#### [DATA UNDER STUDY]
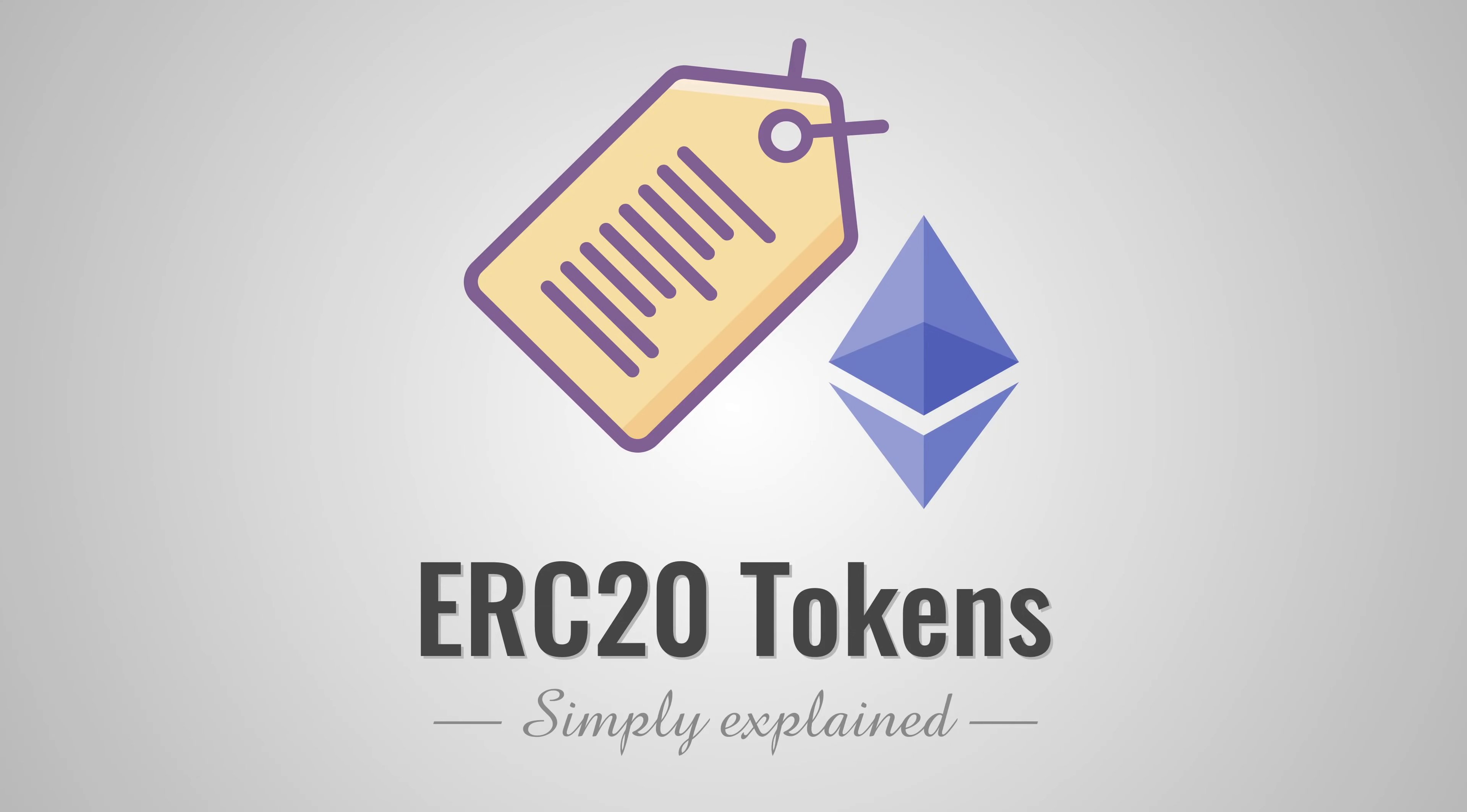We all hear about ERC-20 tokens, but what are those tokens and most importantly, what are they not? To start with, let's quickly go over some of the basics.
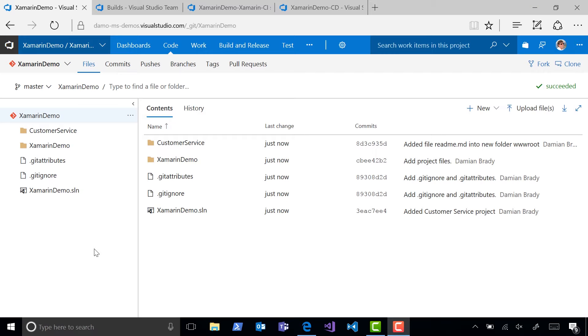Hi, this is Damien, and in this video I'll show you how you can use cloud-hosted agents to build on Mac, Windows, or Linux without needing to manage infrastructure of your own.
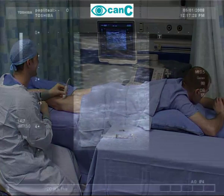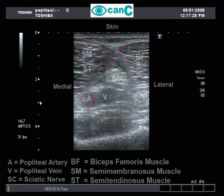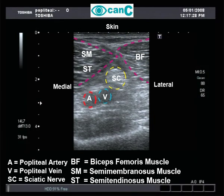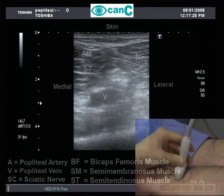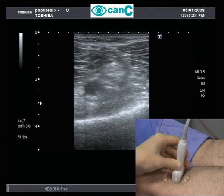With the patient prone, the probe is applied to the popliteal fossa in order to identify the popliteal artery and vein. Superficial and slightly lateral to the vein, the sciatic nerve can be seen as a bright hyperechoic structure. Blotting the vein assists in identification of the nerve.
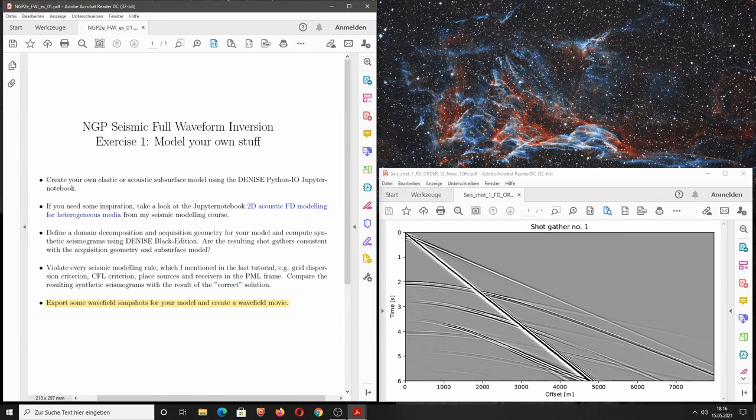Welcome back to the NGP course Seismic for Waveform Inversion. In the last tutorial I created a very simple subsurface model using the Denise Python I/O Jupyter Notebook. It was simply a layer over a half space, and the purpose was to demonstrate how easy it is to define model parameters, the subsurface model, the acquisition geometry, and then run a seismic forward modeling.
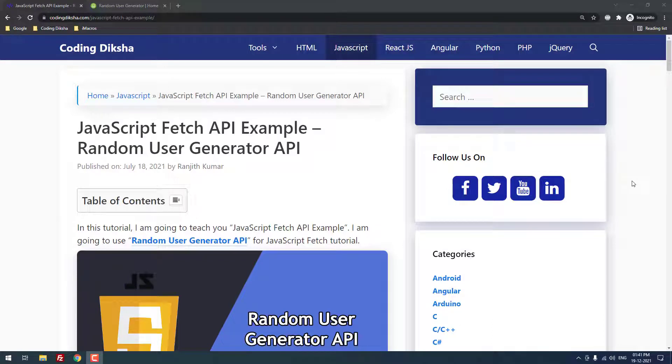Hello developers. In this video tutorial, I am going to teach you JavaScript fetch API example using random user generator API.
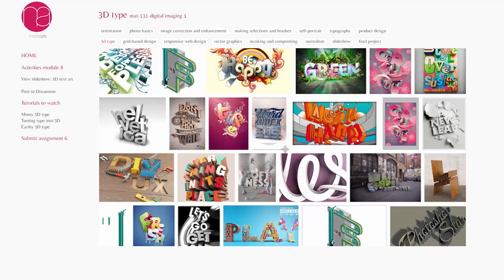3D Type is a pretty cool thing to play with. It's used quite often today. It's kind of quirky, it's kind of fun. So I'm going to give you a chance to play around with that.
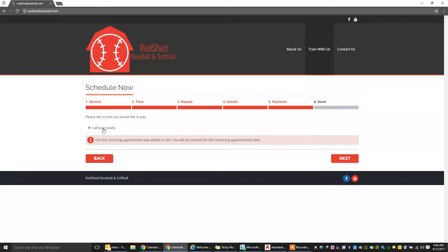Then you're going to get an option, how you'd like to pay. We put this in here in case we go to online payment eventually. But for now, I will pay locally. And then it's going to go ahead and schedule.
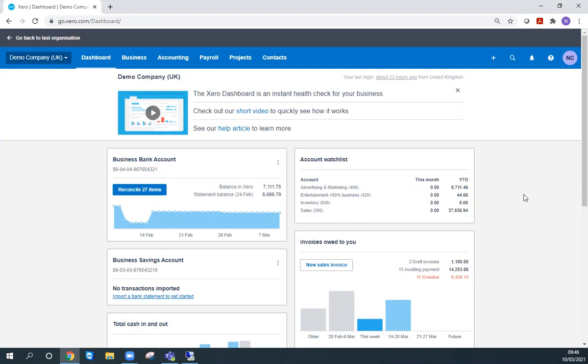Hi, I'm Natalie, and in this video we're going to look at how to enter a manual journal into Xero. First, we're going to log into Xero and we'll usually be brought to our dashboard screen. You can see here I'm in the demo company.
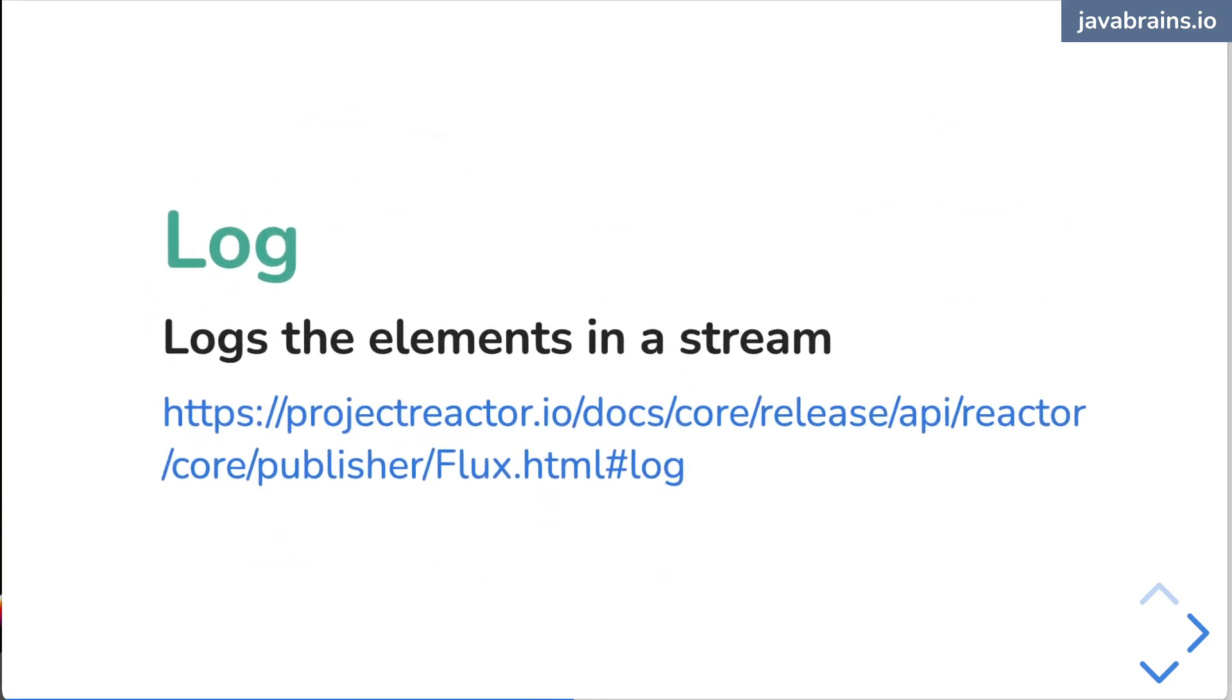And the final one that I'm going to show, which is super useful, is log. Log basically puts all the elements, it logs all the elements in the stream.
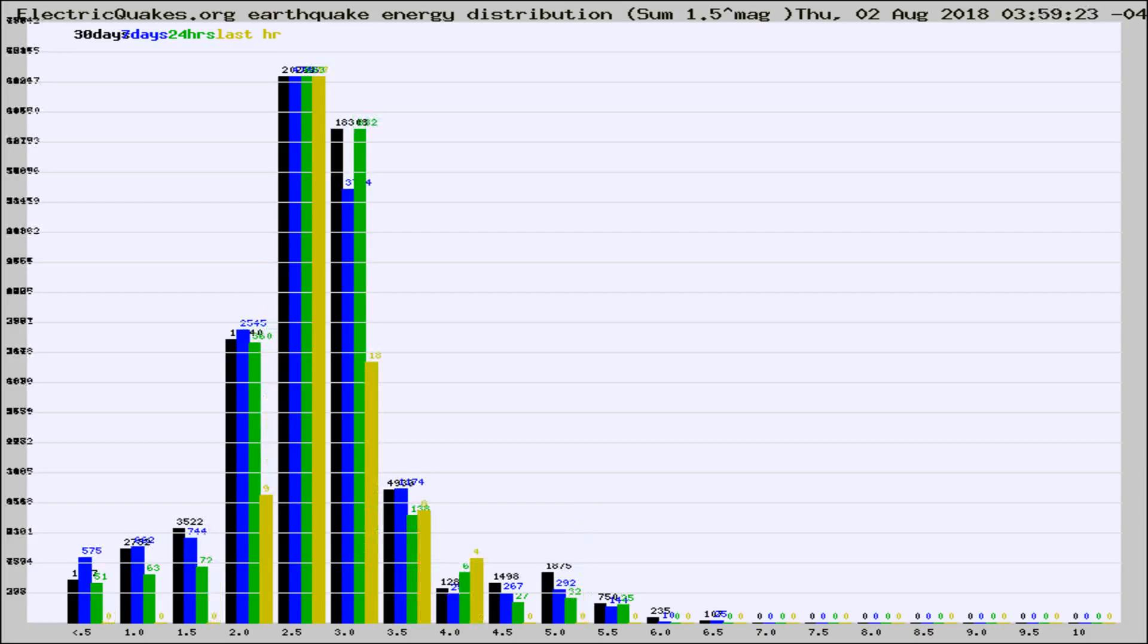Different colored columns are for 30 days, 7 days, 24 hours, and the last hour.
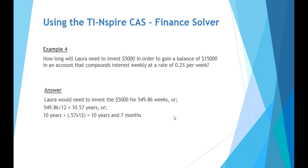So that equates to 549.86 weeks. When you divide by 12, it's roughly 10.5 years. When you multiply the 0.57 by 12 to get it as a whole number of months, it rounds to approximately 10 years and 7 months.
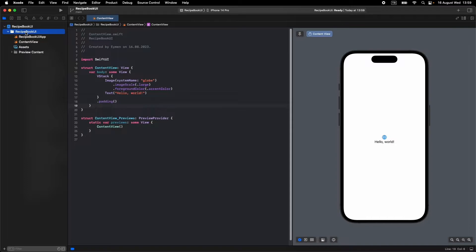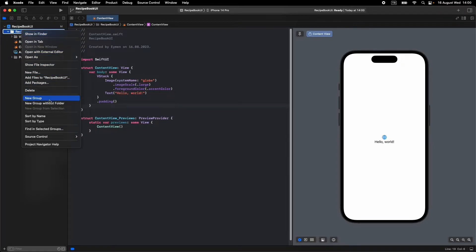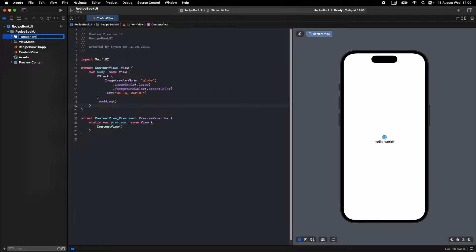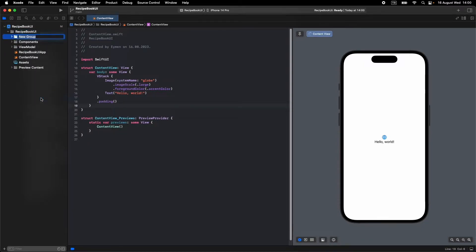First, we should have three different groups or folders to make this recipe UI. First of all, we should have a View Model group, a Components group, and the last group is Views.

#### [INSTRUCTIONS TO FOLLOW]
From the records above, copy only the lines running from the line containing "3D Type is a" to the line containing "Different colored columns", both ends included. Leave the pictures out.

#### [EXERCISE ANSWER]
3D Type is a pretty cool thing to play with. It's used quite often today. It's kind of quirky, it's kind of fun. So I'm going to give you a chance to play around with that.
Then you're going to get an option, how you'd like to pay. We put this in here in case we go to online payment eventually. But for now, I will pay locally. And then it's going to go ahead and schedule.
Hi, I'm Natalie, and in this video we're going to look at how to enter a manual journal into Xero. First, we're going to log into Xero and we'll usually be brought to our dashboard screen. You can see here I'm in the demo company.
And the final one that I'm going to show, which is super useful, is log. Log basically puts all the elements, it logs all the elements in the stream.
Different colored columns are for 30 days, 7 days, 24 hours, and the last hour.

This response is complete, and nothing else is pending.